(Stored items)
☆ ☆ ☆ ☆

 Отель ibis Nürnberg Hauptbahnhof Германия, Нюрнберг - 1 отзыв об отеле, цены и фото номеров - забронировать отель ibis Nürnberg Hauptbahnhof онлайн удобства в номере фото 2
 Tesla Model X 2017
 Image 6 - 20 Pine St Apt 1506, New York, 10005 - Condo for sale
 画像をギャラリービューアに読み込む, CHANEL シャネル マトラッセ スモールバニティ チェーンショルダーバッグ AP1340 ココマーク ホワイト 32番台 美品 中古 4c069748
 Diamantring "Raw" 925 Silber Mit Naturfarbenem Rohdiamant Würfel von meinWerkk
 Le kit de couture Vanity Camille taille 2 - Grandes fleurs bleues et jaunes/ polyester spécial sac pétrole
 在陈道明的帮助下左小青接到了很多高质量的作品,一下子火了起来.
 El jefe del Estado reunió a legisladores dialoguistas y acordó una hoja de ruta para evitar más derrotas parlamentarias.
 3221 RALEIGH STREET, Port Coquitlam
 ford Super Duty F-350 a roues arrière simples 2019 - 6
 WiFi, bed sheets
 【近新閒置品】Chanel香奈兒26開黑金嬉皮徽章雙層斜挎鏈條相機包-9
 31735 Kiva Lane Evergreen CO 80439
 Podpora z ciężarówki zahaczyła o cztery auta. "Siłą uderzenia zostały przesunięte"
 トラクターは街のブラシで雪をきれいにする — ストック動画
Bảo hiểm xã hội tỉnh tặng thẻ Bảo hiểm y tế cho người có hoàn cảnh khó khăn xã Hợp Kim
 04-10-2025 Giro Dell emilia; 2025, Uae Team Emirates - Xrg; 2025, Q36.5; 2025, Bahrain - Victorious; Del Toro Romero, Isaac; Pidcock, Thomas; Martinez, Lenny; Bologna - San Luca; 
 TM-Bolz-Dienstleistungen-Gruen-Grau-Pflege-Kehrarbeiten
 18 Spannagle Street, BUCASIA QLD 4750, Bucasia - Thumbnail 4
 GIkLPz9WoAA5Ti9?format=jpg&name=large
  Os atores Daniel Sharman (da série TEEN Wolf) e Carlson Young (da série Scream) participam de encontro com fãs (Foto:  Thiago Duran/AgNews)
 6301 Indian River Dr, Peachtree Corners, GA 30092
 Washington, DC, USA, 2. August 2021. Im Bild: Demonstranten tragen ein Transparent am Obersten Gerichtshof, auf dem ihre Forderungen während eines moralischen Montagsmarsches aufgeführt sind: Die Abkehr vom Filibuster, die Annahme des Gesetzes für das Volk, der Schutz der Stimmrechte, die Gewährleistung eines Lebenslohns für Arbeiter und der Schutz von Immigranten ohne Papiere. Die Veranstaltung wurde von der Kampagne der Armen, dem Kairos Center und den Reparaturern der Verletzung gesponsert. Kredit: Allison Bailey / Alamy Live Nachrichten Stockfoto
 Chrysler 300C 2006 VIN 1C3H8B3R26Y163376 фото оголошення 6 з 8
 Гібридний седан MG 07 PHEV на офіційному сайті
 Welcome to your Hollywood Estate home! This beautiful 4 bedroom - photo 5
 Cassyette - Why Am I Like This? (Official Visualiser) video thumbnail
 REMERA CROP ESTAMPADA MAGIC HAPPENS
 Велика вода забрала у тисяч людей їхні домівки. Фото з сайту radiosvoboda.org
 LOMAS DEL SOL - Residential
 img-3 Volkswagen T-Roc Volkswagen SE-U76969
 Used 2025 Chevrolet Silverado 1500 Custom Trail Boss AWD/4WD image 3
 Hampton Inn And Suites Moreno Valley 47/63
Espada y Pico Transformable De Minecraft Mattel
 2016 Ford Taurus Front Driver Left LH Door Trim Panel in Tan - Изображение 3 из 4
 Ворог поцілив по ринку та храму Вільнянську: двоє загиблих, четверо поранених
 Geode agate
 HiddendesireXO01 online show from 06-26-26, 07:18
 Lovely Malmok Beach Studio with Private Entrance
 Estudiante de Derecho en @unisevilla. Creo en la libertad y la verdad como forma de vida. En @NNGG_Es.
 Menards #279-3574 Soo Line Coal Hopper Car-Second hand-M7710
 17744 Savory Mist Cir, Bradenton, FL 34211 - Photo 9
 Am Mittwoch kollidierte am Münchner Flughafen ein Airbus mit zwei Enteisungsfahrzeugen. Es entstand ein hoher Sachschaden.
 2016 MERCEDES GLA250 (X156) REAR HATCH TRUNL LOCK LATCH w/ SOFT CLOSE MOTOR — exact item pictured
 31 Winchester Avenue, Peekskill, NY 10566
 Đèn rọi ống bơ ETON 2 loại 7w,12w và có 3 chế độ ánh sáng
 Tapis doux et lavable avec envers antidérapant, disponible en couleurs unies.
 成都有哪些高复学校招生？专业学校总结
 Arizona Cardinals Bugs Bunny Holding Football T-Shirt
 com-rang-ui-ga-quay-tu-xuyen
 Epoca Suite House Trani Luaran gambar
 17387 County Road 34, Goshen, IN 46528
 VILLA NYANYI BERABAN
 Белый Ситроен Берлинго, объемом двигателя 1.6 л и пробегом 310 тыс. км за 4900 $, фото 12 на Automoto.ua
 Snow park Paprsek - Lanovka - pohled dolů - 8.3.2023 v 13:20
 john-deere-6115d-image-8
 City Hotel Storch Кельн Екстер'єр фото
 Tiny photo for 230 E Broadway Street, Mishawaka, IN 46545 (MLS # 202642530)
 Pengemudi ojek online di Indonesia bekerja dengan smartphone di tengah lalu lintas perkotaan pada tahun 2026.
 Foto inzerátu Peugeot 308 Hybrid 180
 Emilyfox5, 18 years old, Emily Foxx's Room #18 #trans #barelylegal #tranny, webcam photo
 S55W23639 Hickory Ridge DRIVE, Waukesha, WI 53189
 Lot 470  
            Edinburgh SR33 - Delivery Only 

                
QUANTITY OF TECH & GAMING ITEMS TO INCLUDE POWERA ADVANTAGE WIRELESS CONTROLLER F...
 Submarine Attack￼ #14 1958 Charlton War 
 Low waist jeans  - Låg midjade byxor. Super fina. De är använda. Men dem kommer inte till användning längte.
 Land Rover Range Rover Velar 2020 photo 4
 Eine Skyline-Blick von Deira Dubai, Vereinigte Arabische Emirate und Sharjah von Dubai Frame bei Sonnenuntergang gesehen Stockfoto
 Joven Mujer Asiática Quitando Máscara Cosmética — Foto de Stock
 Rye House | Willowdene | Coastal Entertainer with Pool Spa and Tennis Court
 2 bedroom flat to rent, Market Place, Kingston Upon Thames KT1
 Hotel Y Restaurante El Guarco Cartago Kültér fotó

☆ ☆ ☆ ☆

Count the lines in the records above that contain the word "Stockfoto", and reply with only that number.

2